Celebrating loyalty: Hachiko, the dog that waited for its dead master for decades, turns 100
In the bustling city of Tokyo, a heartwarming story unfolded last century—a story that would capture the hearts of people worldwide. Hachiko, a cream white Akita Inu, became an emblem of unwavering loyalty as he faithfully waited for his deceased master at a train station for years. The world is now marking the canine's birth centenary.
Hachiko's remarkable story has left an indelible mark on literature, film, and popular culture.
The Chinese adaptation of his tale, following the Japanese version in 1987 and the Richard Gere-starring film in 2009, all have become box office hits, reigniting the fascination with Hachiko's profound bond with his human, reported the BBC.
While stories of devoted dogs exist, none have resonated globally quite like Hachiko. His tale transcends borders and reminds us of the extraordinary connections that can exist between humans and animals.
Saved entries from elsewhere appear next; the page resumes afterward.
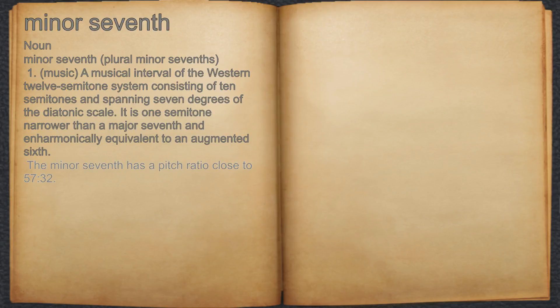For example, the minor seventh has a pitch ratio close to 57:32.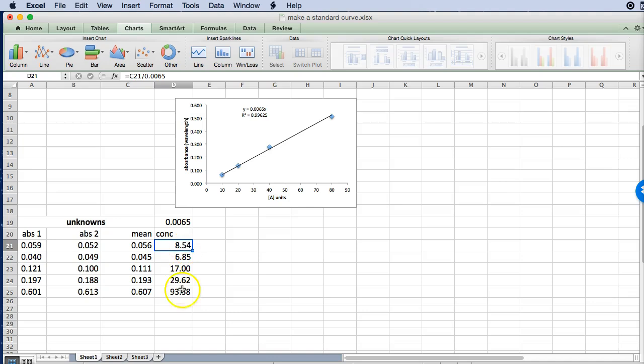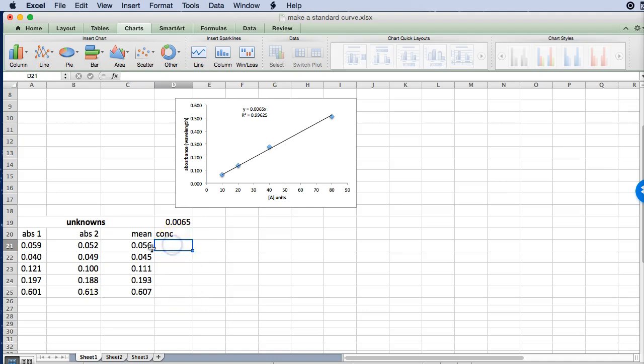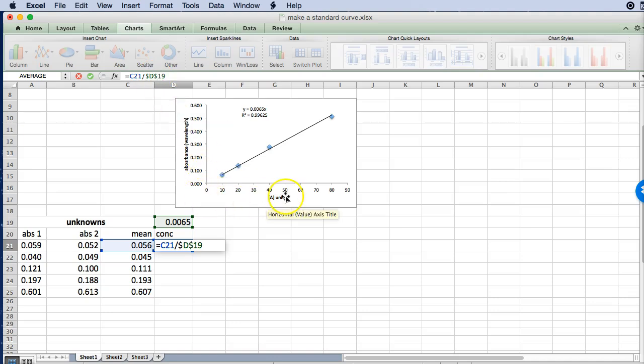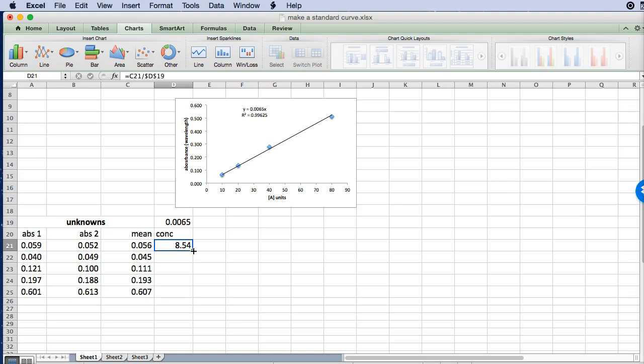So instead of typing these in I'm just going to delete these. You would say we want this cell, we want to divide it by the information in this cell, but we want to keep D19 constant when we drag this down so we have to put a dollar sign in front of D and in front of 19. So that's going to tell Excel that when I drag this formula I want a relative reference here but I'm going to divide by the value in that cell every single time.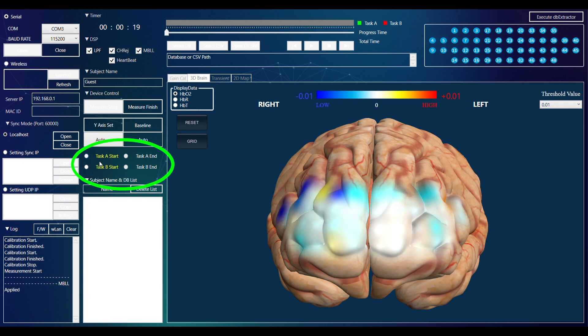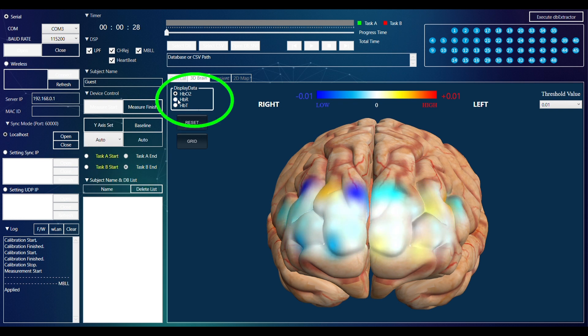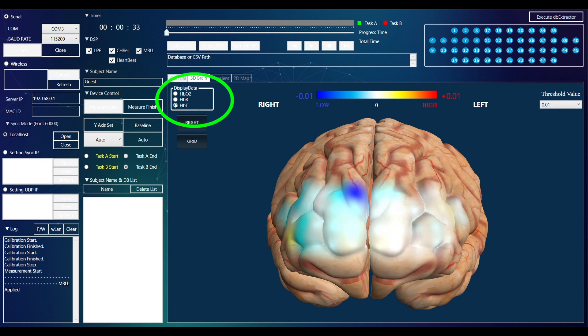You can set tasks as needed, or change the displayed data between HB02, HBR, and HBT.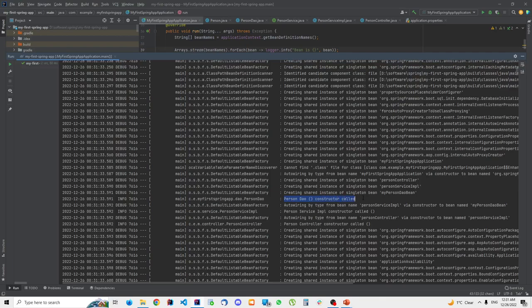You can see in the logs: 'PersonDao constructor called'. As I mentioned, the logger adds the date, log level, process ID, and class name. We can also see 'PersonServiceImpl constructor called' and 'PersonController constructor called'. The only way these logs appear is if we are actually inside those constructors.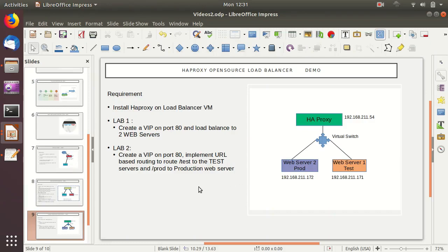Welcome to today's demo about open source load balancers. We will be covering HA proxy, which is a very well-known load balancer in the Linux environment. We were thinking about having a demo with Facebook Katran but unfortunately we couldn't find enough resources. In the future, if we get enough resources, we'll definitely make a demo with Katran, which includes support for accelerated hardware.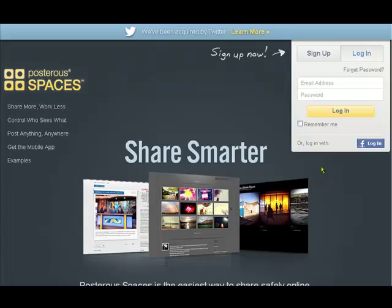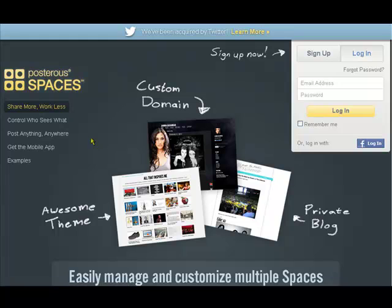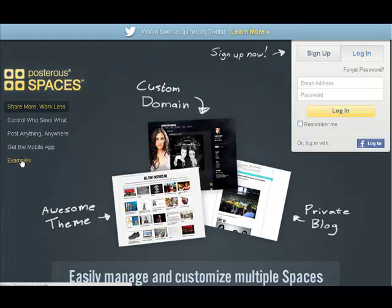You can actually share many things on Posterous. Here are some examples. You can make a private blog, arrange it how you want, and control who sees what. You can post directly from the website or from your mobile phone.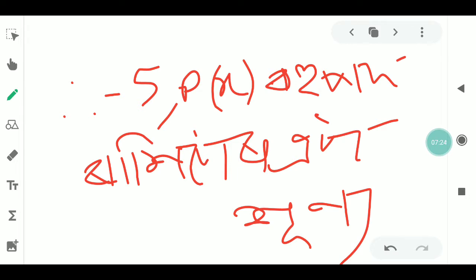You can write it as 2.2x2x3. You can subscribe to Class 9 math and science on the channel. I'll see you in the next video.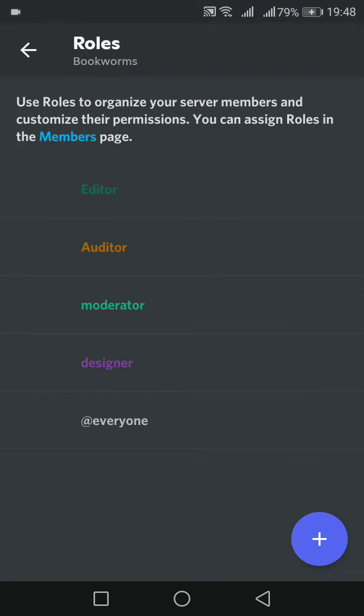And after that, see you have just created the designer role. And that is how you create roles on Discord. Thank you people, have a good day.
Statue that symbolises devotion
Standing tall outside Tokyo's Shibuya Station since 1948, a bronze statue immortalises Hachiko's unwavering vigil.
Originally erected in 1934, the statue was temporarily repurposed during World War Two.
Today, Japanese schoolchildren learn of Chuken Hachiko, the loyal dog, as an exemplar of unwavering dedication.
Professor Christine Yano of the University of Hawaii, who spoke to the BBC, describes Hachiko as the embodiment of the "ideal Japanese citizen." His loyalty, reliability, obedience, and profound understanding transcend rationality, showcasing the true essence of devotion.
Hachiko was born in November 1923 in the city of Odate, nestled in the Akita prefecture—the ancestral home of Akitas. A majestic breed, Akitas have long captivated people with their calm demeanour, sincerity, intelligence, and bravery. They were once trained to hunt formidable animals like wild boars and elk.
In 1924, Hidesaburo Ueno, a renowned agricultural professor and ardent dog lover, got Hachiko as a puppy. The professor and his loyal companion shared a profound bond, with Hachiko accompanying Ueno to Shibuya Station, where he commuted daily.
On a fateful day in May 1925, tragedy struck when Professor Ueno passed away suddenly from a cerebral hemorrhage. Hachiko, having spent only 16 months by his side, was left heartbroken and bereft.
In the months following Ueno's passing, Hachiko journeyed between different families but ultimately found his way back to the Shibuya area. Determined and unwavering, he resumed his daily pilgrimage to the station, eagerly awaiting the return of his beloved master.
Initially seen as a nuisance by station employees, Hachiko's presence soon caught the attention of the public. In October 1932, a feature in the Tokyo Asahi Shimbun newspaper brought his story to the forefront, catapulting him to national fame. Visitors from far and wide flocked to the station, offering food and support.
On March 8, 1935, Hachiko breathed his last breath, leaving behind a legacy of loyalty.